→ **EXERCISE BRIEF**: Word for word, output every line of the material below, minus pictures.

START INFORMATION PROVIDED

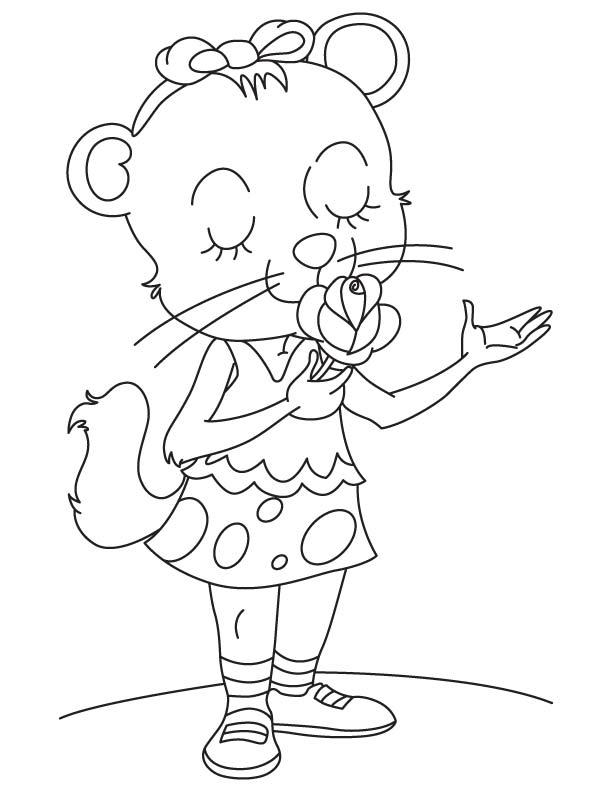 Lovely cat with rose coloring page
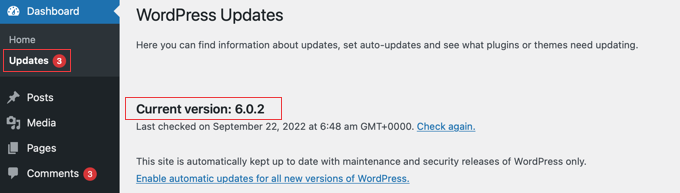 BEIT update version wordpress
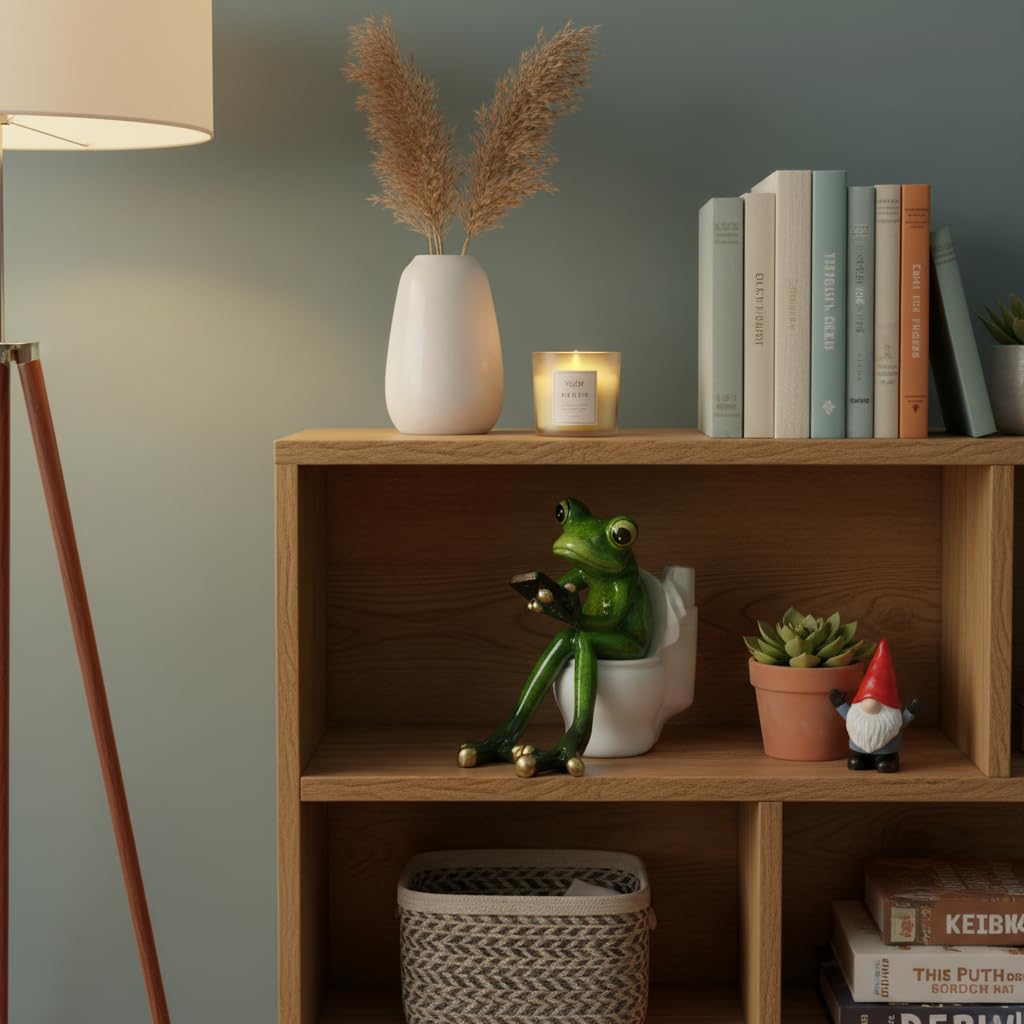 Comfy Hour Farmhouse Home Decor Collection Resin 5" Frog On Close Stool Desktop Decoration, Polyresin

END INFORMATION PROVIDED

→ **SOLVED PROBLEM**:
 Lovely cat with rose coloring page
 BEIT update version wordpress
 Comfy Hour Farmhouse Home Decor Collection Resin 5" Frog On Close Stool Desktop Decoration, Polyresin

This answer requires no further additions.